November 24, 2009 — Two new algorithms can predict the risk for osteoporotic fracture in a primary care setting without the need for laboratory measurements and will help identify patients at high risk who could benefit from risk-reducing interventions, according to a new report published in the November 19 Online First issue of the BMJ.
"Osteoporotic fractures are a major and increasing cause of morbidity in the population and a considerable burden to health services. Hip fractures, in particular, result in considerable pain, loss of function, and admission to hospital, making prevention a high priority for patients and physicians and for public health," write Julia Hippisley-Cox, MD, and Carol Coupland, MD, from the University of Nottingham, Nottingham, United Kingdom. "The challenge now is to improve methods for accurate identification of individuals at high risk who might benefit from a therapeutic or preventive intervention."
Two New Algorithms Developed
To that end, the investigators developed and validated 2 new fracture risk algorithms, called QFractureScores, for their value in estimating an individual's 10-year risk for osteoporotic or hip fracture.

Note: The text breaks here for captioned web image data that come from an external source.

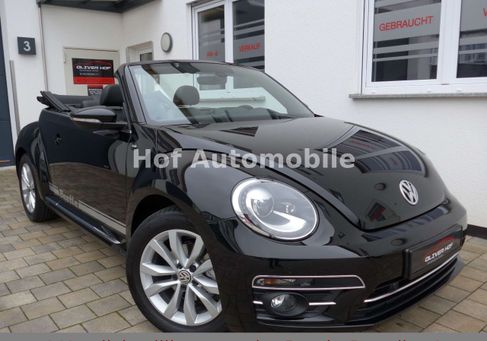 Volkswagen Beetle, 2017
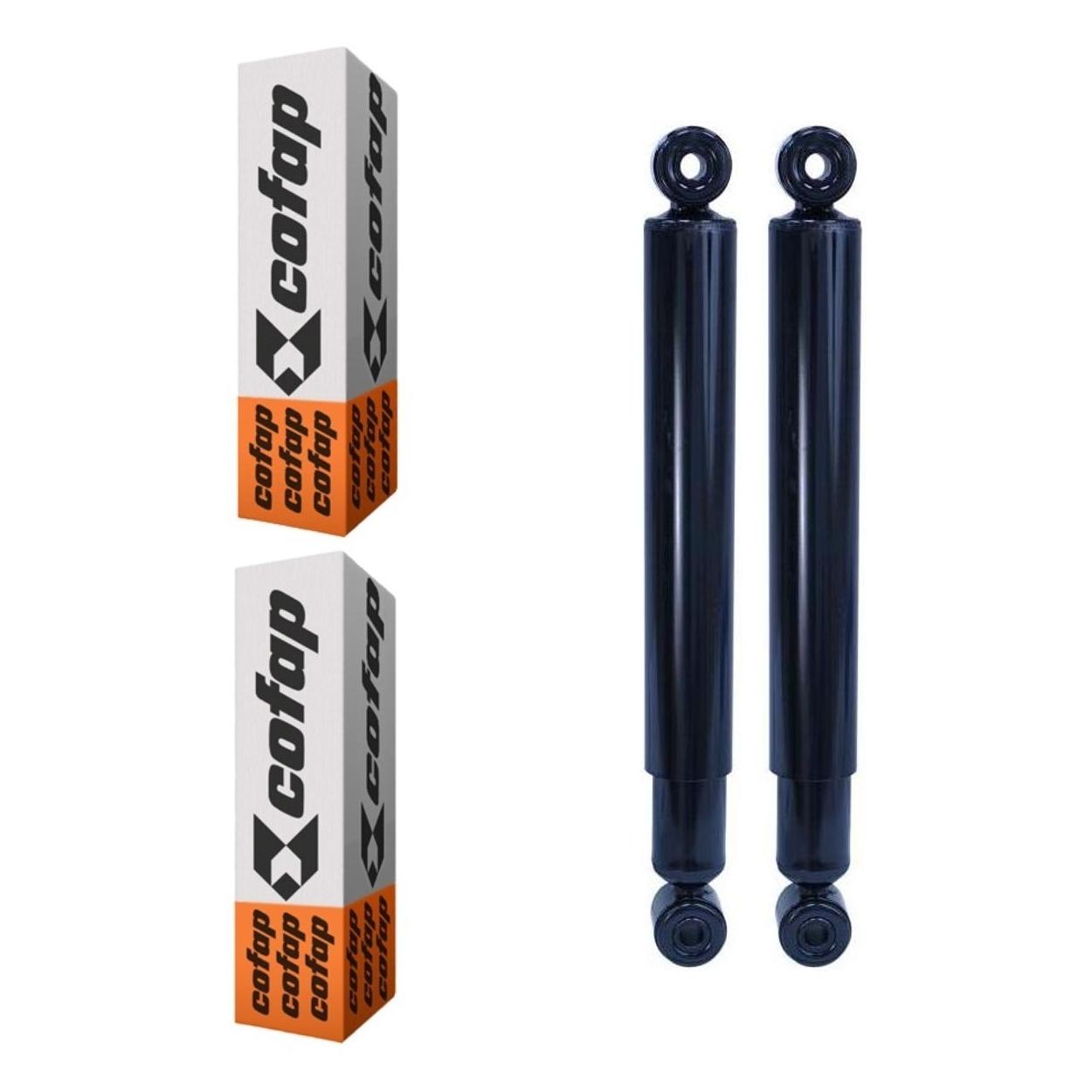 Par de Amortecedor Dianteiro da Suspensão - Cofap - L.13753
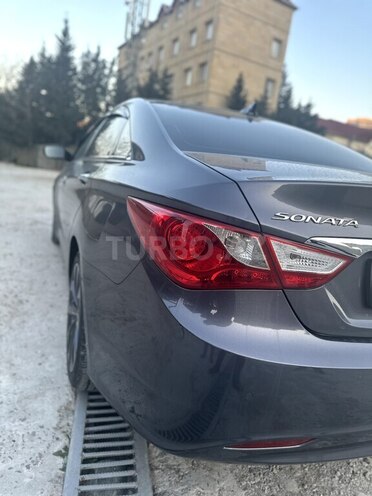 Hyundai Sonata 2010, 207,000 km - 2.0 l - Bakı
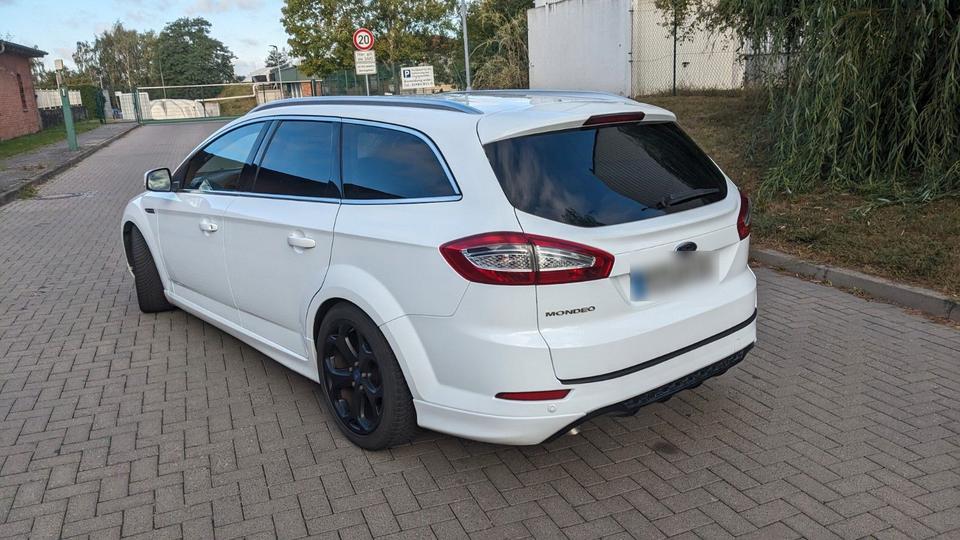 Ford Mondeo 2014 — photo 7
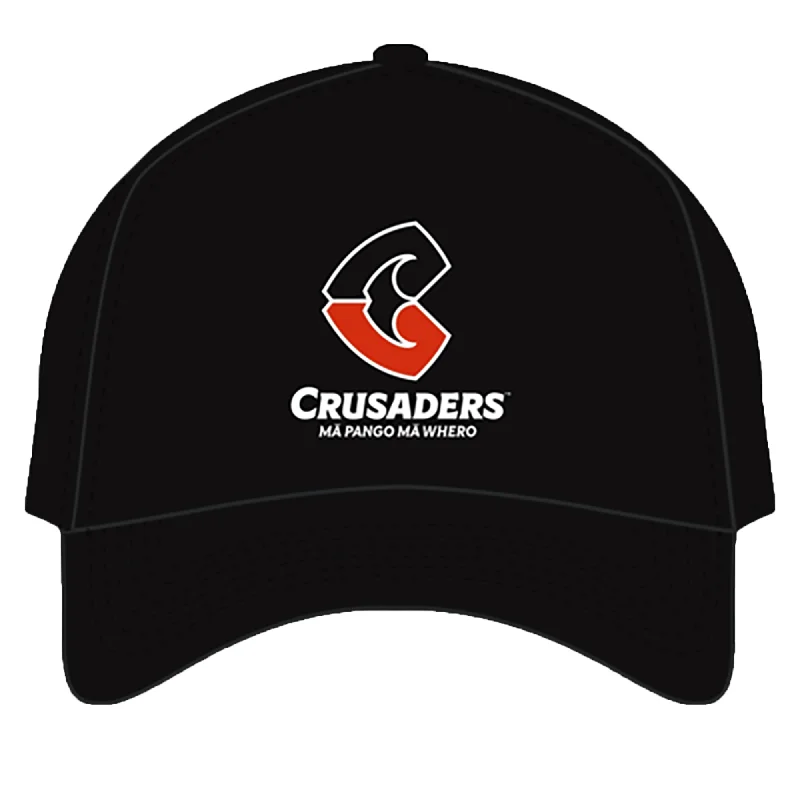 Denim Hat-Crusaders Super Rugby Media Cap 24 by Classic Sportswear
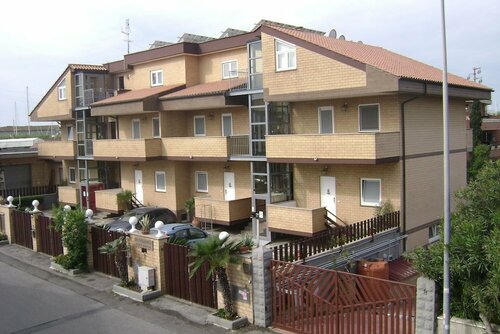 Гостиница Hotel Euro House Rome Airport в Фьюмичино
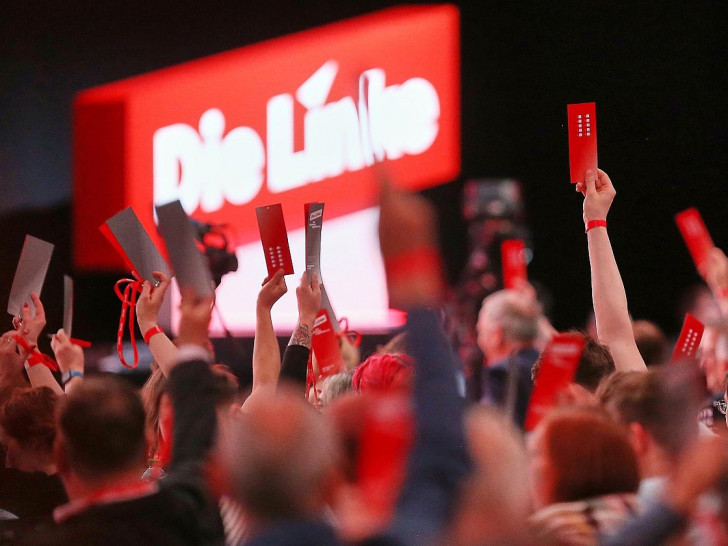 Linken-Parteitag (Archiv)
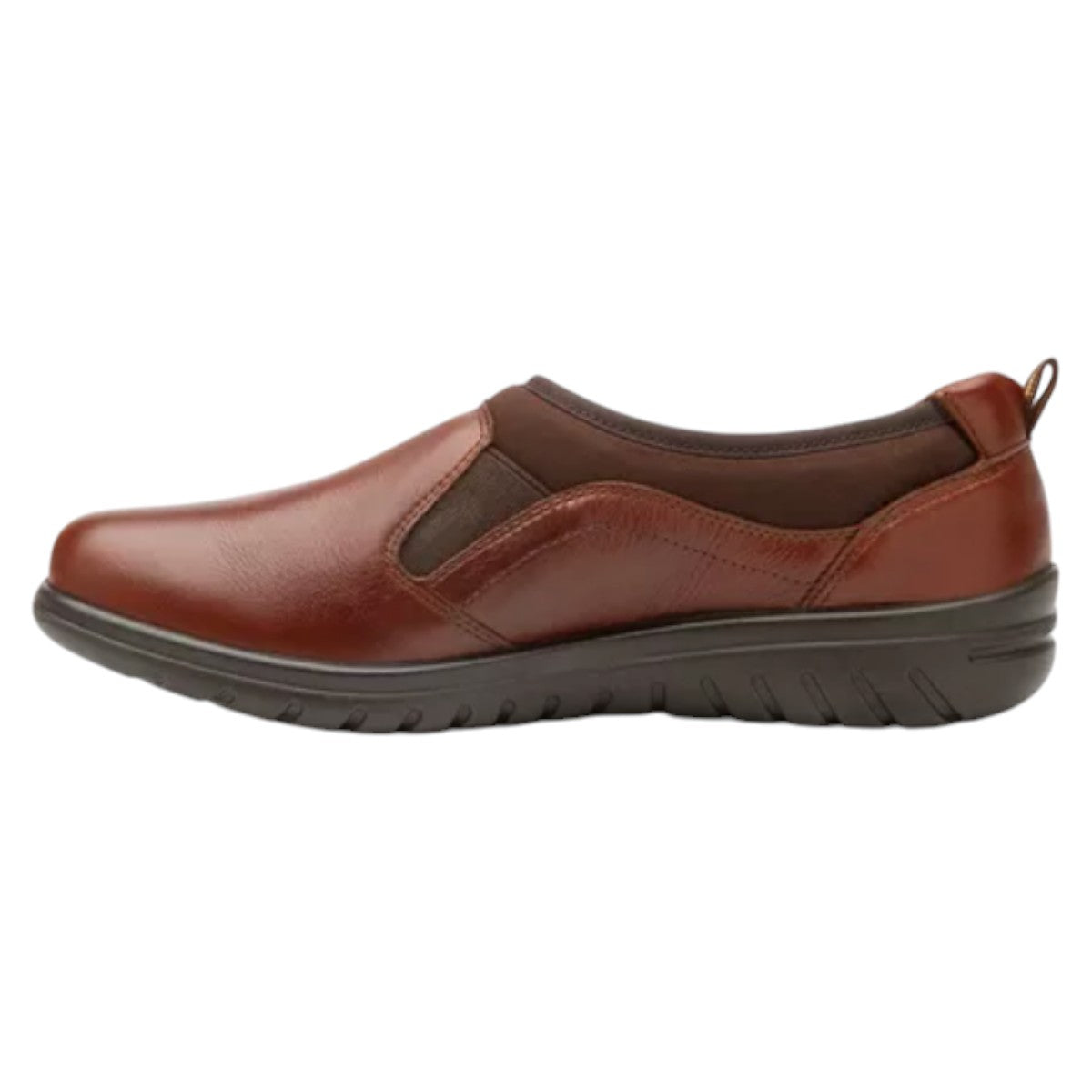 Zapato Flexi Mujer De Confort Piel 35301caf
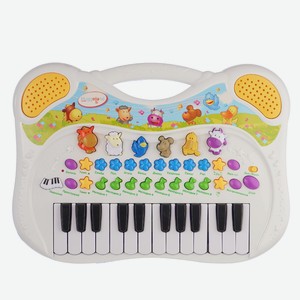 Музыкальная игрушка Huggeland «Веселое пианино»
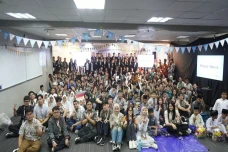 Sambut Ajaran Baru,...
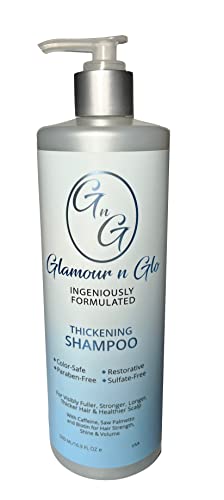 Glamour n Glo Hair Thickening Shampoo w...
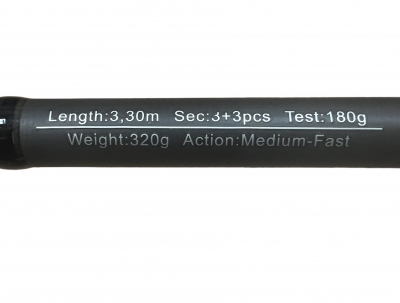 Lanseta feeder SEEKER 80-180gr 3.30m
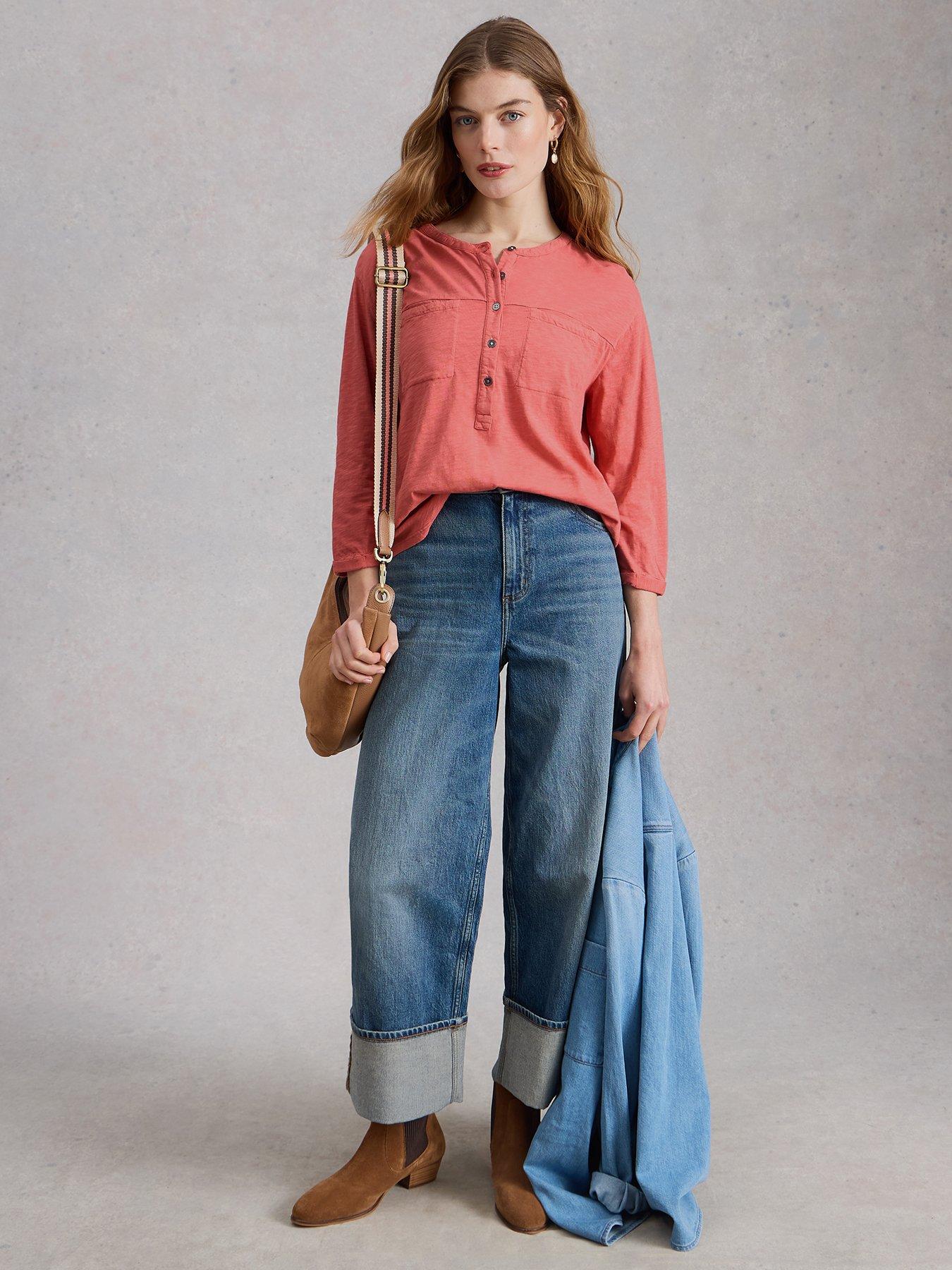 white-stuff-beth-34-sleeve-shirt-pinkback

They also compared the performance of the new algorithms vs the established fracture risk assessment (FRAX) algorithm, which includes age, sex, height, weight, previous fracture, parental history of hip fracture, current smoking, glucocorticoid treatment, rheumatoid arthritis, secondary osteoporosis, and 3 or more units of alcohol per day.
Another version of the FRAX includes bone mineral density measurements in the assessment of fracture risk, but this was not used as a comparator, the authors explain.
In building the QFractureScores, the authors collected data from 357 general practices in England and Wales on 1,183,663 women and 1,174,232 men aged 30 to 85 years during a 15-year period and recorded the diagnoses of incident osteoporotic fracture (vertebral, distal radius, or hip) and incident hip fracture.
There were 24,350 incident diagnoses of osteoporotic fracture in women and 7934 in men and 9302 incident diagnoses of hip fracture in women, and 5424 in men.
Risk Factors Shown
The data showed that the risk factors for fracture in men were age, body mass index, smoking status, alcohol use, rheumatoid arthritis, cardiovascular disease, type 2 diabetes, asthma, use of tricyclic antidepressants, history of falls, and liver disease. These variables were included in the QFractureScores algorithm.
The risk factors for fracture in women were the use of hormone replacement therapy, smoking status, use of alcohol, parental history of osteoporosis, rheumatoid arthritis, cardiovascular disease, type 2 diabetes, asthma, tricyclic antidepressants, use of corticosteroids, history of falls, menopausal symptoms, chronic liver disease, gastrointestinal tract malabsorption and other endocrine disorders, age, and body mass index. These factors were included in the QFractureScores algorithm.
The QFractureScore for estimating the 10-year absolute risk for osteoporotic fracture and hip fracture shows some evidence of improved discrimination and calibration vs the FRAX algorithm, the authors write.
It extends the age range and quantifies additional risk factors not fully taken into account by FRAX, including falls, type 2 diabetes, cardiovascular disease, use of hormone replacement therapy, menopausal symptoms, and use of tricyclic antidepressants.
An advantage of the new algorithm is that it does not require laboratory testing or clinical measurements, they add.
The study also provides information on risks associated with different types and doses of hormone replacement therapy. There was an overall protective effect of hormone replacement therapy with a decreased risk with unopposed estrogen, which was more marked for vertebral, distal radial, and hip fractures combined vs hip fracture alone. These findings are consistent with those from the Women's Health Initiative and other studies, the authors point out.
The QFractureScore was validated in general medical practices that did not contribute data to its development. The authors write that it had "good discrimination" or the ability to distinguish patients who subsequently had a fracture from those who did not.
Some Limitations
A limitation was that it used the same computer system that provided the information for the algorithm and so might contain "a degree of overoptimism," they note. In addition, missing values for alcohol use, body mass index, or smoking status for some of the patients might have led to some misclassification.
The authors conclude that further validation studies are needed to test the performance of the algorithms in independent populations in settings where they are likely to be used.
This study was funded by David Stables, medical director of EMIS, as part of a larger study examining risks and benefits of hormone replacement therapy. Dr. Hippisley-Cox has been codirector of QResearch, a not-for-profit organization that is a joint partnership between the University of Nottingham and EMIS. She is also director of ClinRisk, a producer of software that implements clinical risk algorithms within computer systems.